◆ Data section
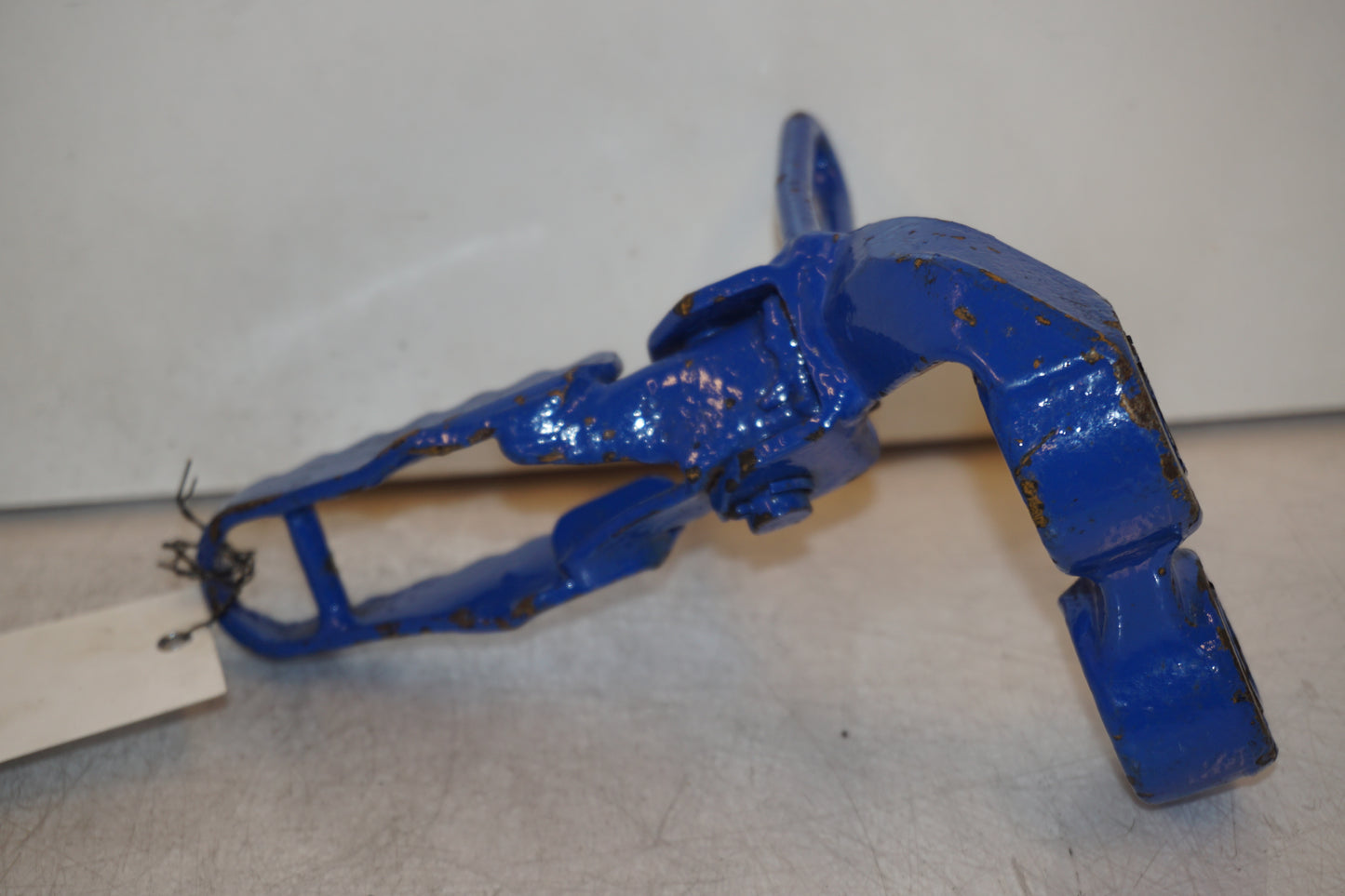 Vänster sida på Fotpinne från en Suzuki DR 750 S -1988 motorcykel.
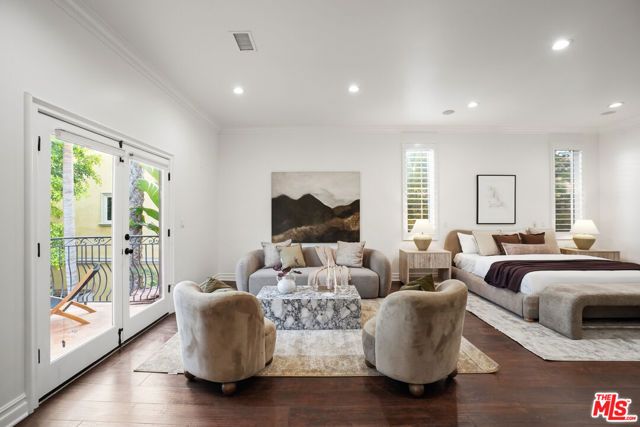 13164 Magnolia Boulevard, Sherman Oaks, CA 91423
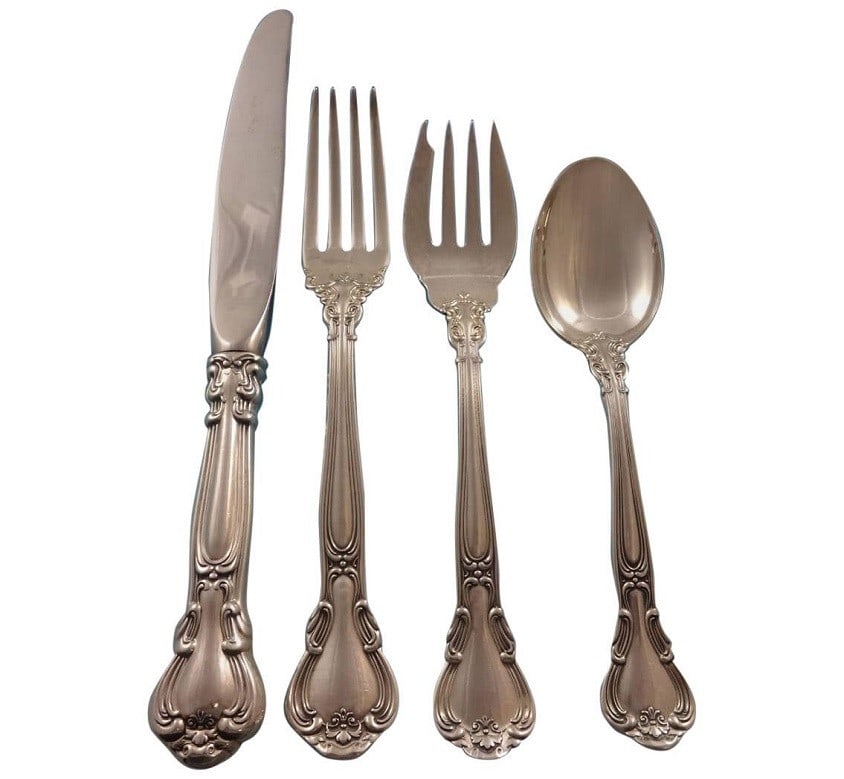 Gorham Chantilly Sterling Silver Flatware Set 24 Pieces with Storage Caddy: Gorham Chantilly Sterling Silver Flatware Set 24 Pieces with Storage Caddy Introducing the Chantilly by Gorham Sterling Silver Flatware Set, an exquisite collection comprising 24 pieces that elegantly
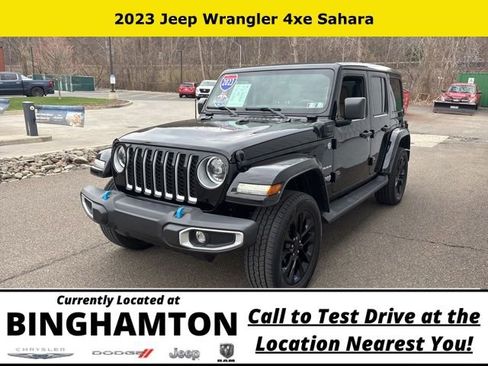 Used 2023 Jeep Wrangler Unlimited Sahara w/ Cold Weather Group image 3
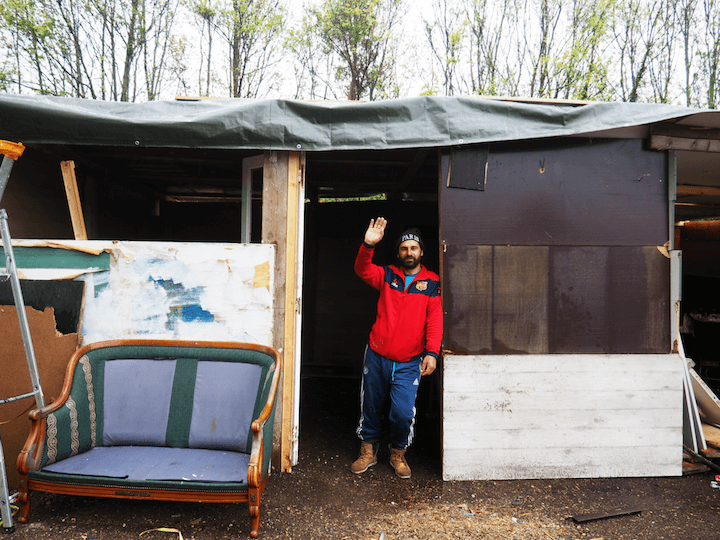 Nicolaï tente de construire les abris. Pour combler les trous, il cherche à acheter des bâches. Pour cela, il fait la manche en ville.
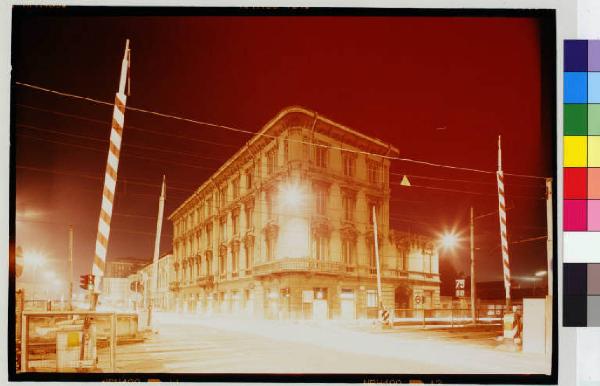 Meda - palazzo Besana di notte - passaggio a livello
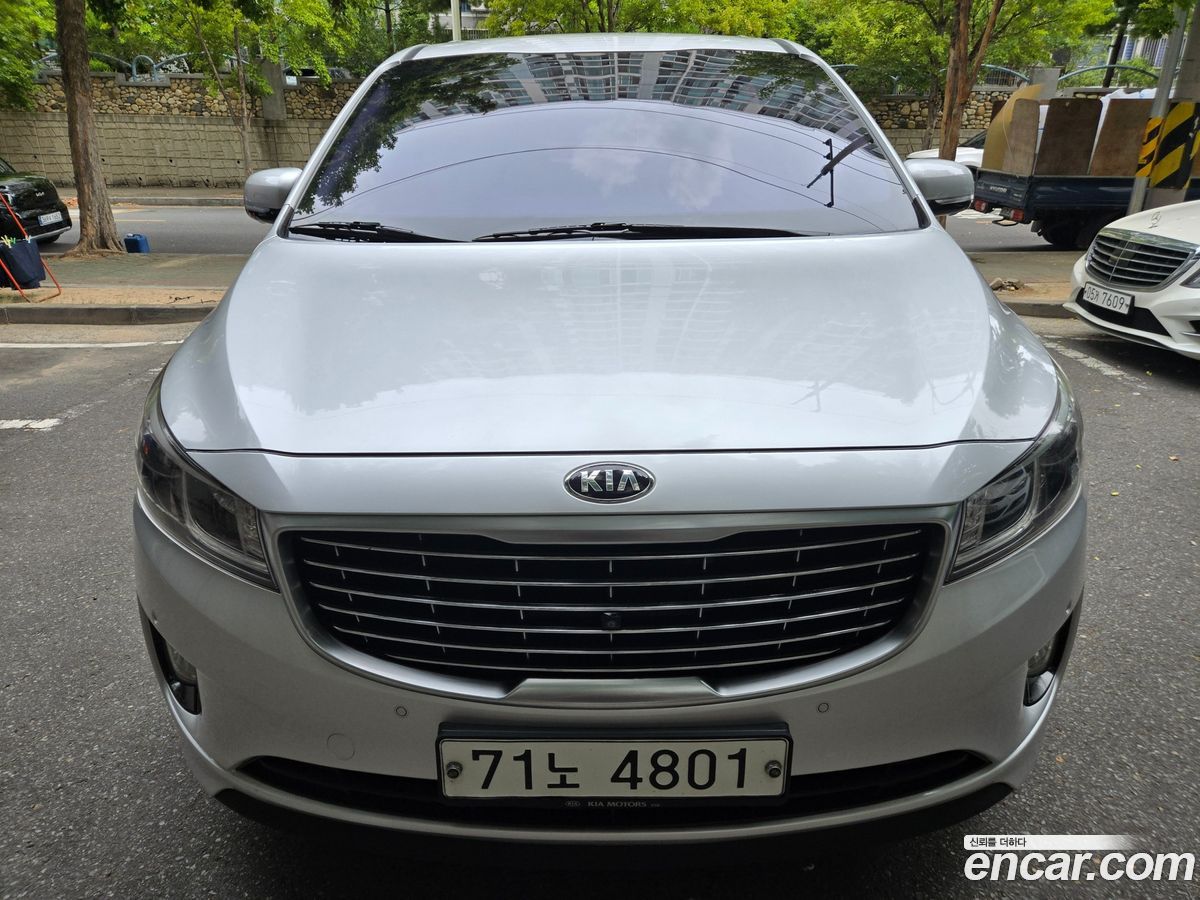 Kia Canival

◆ What to do
Produce an exact copy of the lines from the line with "Nicolaï tente de" through the last line of the data above, both ends included. No pictures belong in it.

◆ Solution for this task
 Nicolaï tente de construire les abris. Pour combler les trous, il cherche à acheter des bâches. Pour cela, il fait la manche en ville.
 Meda - palazzo Besana di notte - passaggio a livello
 Kia Canival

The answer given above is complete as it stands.